The Universities Accord Final Report recommended that ATEC be an ‘independent statutory authority … to enable it to provide robust advice and support evidence-based decision making and planning’ (p. 234). This post explores the relationship between ATEC and the government, as set out in the ATEC bill introduced into Parliament last week.
I should say at the start that unelected bodies with significant powers (‘independent’) are not necessarily good things. Government agencies should work within clear goals and rules established by democratic processes.
But independence can be beneficial in ensuring that government (and the broader public) get honest data – the ABS is a model here. Independent bodies can also help governments avoid the temptation to do things that are politically beneficial in the short run but detrimental in the long run – the RBA is a model here. Both the ABS and the RBA make mistakes, but their overall approach is better than letting the government decide whether or not to release vital data or to set interest rates with public opinion in mind.
All legislative references, unless otherwise specified, are to the Universities Accord (Australian Tertiary Education Commission) Bill 2025.

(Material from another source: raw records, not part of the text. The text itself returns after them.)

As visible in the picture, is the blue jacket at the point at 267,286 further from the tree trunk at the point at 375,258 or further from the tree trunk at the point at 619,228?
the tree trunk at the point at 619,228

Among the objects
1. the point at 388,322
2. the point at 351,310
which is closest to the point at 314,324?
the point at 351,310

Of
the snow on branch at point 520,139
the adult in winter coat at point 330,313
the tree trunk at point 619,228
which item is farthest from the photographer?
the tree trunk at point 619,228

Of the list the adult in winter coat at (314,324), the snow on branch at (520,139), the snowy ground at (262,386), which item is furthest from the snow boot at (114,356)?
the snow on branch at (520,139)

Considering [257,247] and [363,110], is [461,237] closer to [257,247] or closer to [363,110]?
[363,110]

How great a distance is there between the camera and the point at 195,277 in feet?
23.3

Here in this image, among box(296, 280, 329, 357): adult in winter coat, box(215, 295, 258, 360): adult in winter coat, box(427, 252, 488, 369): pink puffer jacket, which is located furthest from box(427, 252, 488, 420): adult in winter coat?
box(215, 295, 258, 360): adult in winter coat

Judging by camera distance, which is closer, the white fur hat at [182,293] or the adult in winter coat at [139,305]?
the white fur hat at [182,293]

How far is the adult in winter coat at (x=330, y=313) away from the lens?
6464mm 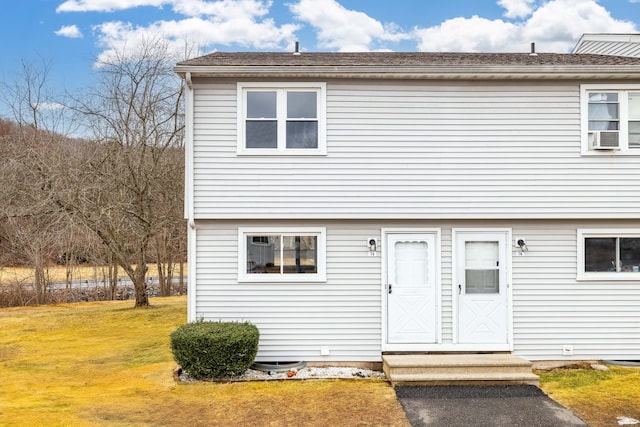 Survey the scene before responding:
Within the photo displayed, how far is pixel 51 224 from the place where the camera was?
570 inches

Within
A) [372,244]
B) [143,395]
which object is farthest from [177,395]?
[372,244]

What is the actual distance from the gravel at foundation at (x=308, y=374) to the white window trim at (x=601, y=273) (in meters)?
3.99

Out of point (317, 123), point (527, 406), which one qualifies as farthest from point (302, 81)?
point (527, 406)

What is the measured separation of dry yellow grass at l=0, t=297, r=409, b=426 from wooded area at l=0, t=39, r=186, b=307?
4.69 metres

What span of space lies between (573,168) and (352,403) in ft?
→ 18.3

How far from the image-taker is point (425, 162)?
9000mm

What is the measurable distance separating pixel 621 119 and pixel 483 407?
18.5ft

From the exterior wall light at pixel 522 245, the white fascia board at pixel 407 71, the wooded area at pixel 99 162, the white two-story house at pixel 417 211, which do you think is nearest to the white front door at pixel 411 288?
the white two-story house at pixel 417 211

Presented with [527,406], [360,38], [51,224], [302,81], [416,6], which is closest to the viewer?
[527,406]

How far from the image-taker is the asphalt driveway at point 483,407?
20.8 feet

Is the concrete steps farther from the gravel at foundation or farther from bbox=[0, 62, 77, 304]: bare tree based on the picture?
bbox=[0, 62, 77, 304]: bare tree

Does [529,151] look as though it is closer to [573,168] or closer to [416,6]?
[573,168]

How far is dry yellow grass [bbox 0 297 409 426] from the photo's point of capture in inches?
256

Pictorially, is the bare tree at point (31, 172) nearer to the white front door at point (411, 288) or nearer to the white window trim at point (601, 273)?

Administration of mission based compacts
The most important ATEC function will be to administer mission based compacts. As noted in a previous post, the content of mission based compacts will be driven by a ministerial statement of short-term and long-term strategic priorities: section 15. However this is not a legislative instrument: section 15(6). This means that neither the Senate nor the House of Representatives can disallow it. I take this as a democratic negative compared to the current system, under which key spending programs, such as equity and research block grants, have their own legislative instruments.

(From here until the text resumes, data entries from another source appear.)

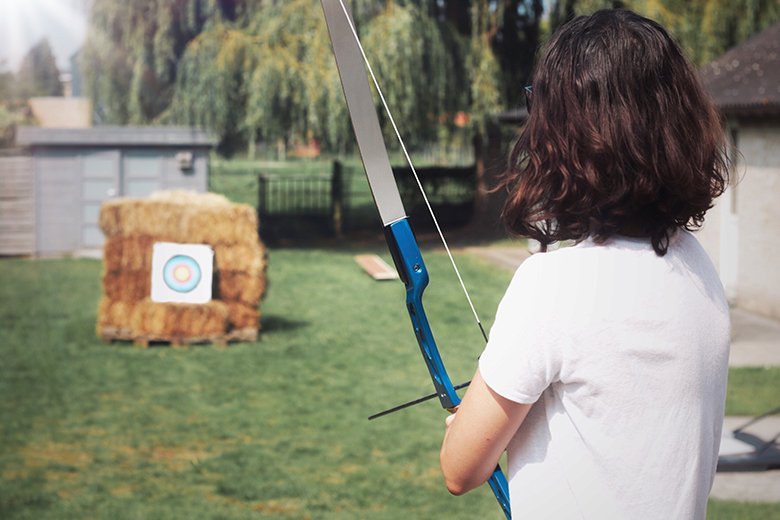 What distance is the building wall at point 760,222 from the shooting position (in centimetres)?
945

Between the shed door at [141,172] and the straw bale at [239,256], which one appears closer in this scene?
the straw bale at [239,256]

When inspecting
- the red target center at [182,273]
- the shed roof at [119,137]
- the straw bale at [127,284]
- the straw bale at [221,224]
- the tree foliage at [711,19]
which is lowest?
the straw bale at [127,284]

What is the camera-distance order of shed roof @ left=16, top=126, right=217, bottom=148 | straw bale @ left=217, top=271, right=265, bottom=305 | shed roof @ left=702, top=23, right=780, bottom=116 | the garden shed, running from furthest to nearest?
the garden shed, shed roof @ left=16, top=126, right=217, bottom=148, shed roof @ left=702, top=23, right=780, bottom=116, straw bale @ left=217, top=271, right=265, bottom=305

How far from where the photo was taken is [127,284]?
25.5 feet

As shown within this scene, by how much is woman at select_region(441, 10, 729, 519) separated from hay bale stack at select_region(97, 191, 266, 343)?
661 cm

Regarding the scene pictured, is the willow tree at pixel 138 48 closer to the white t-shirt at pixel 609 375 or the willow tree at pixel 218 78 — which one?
the willow tree at pixel 218 78

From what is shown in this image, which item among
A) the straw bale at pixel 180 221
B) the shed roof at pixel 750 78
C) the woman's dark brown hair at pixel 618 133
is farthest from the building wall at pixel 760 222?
the woman's dark brown hair at pixel 618 133

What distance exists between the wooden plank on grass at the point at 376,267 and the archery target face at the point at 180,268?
6842mm

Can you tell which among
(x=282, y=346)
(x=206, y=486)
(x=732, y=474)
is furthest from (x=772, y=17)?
(x=206, y=486)

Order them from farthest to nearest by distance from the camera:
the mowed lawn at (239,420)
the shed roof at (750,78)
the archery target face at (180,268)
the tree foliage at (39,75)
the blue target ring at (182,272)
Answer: the tree foliage at (39,75), the shed roof at (750,78), the blue target ring at (182,272), the archery target face at (180,268), the mowed lawn at (239,420)

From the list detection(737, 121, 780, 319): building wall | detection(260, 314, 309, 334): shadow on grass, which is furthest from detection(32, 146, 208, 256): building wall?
detection(737, 121, 780, 319): building wall

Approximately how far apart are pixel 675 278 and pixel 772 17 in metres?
14.2

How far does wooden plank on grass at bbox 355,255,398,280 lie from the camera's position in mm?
11859

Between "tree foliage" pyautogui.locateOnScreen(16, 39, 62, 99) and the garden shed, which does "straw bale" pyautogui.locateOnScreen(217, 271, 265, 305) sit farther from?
"tree foliage" pyautogui.locateOnScreen(16, 39, 62, 99) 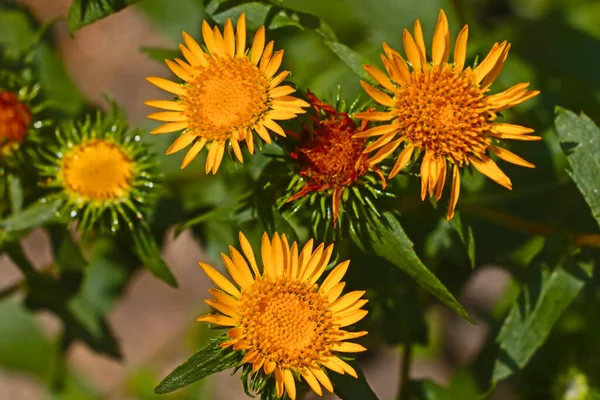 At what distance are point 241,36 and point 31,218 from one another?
3.69 feet

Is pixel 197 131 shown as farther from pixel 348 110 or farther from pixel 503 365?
pixel 503 365

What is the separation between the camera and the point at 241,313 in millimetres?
2256

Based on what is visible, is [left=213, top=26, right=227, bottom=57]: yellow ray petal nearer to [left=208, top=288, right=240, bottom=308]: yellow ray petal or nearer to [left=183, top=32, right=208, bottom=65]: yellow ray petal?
[left=183, top=32, right=208, bottom=65]: yellow ray petal

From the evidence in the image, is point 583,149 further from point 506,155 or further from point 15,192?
point 15,192

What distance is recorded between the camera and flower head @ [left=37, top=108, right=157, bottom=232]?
2.58 m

ATEC must prepare its own statement of strategic priorities: section 43. ATEC must take the minister’s priorities into account when performing its functions: section 15(4). Within the limitations of the new framework, this is appropriate in putting ATEC’s direction under the broad control of a person who can be subject to parliamentary questions, even if the ministerial statement of priorities cannot itself be vetoed. ATEC itself will appear before Senate Estimates.
Importantly, the minister will not give directions to ATEC in relation to decisions ATEC makes or in relation to ‘a higher education provider or a class or classes of higher education providers’: section 71(2)(b) & (c). This compares favourably to the current funding agreement system, under which the minister can effectively determine the content: section 30-25 of the Higher Education Support Act 2003. It is also better than the wide power to cancel course registration for international students, including on the basis of the ‘kind of provider’, which was approved by Parliament with modest improvements the same week the ATEC bill was introduced.
Section 71(2) reduces the risk of ministerial discretion being misused to penalise a university or universities in an arbitratry way.
The strongest guard against the misuse of power, however, is having rule-driven programs. On that the ATEC model would be worse than what we have now.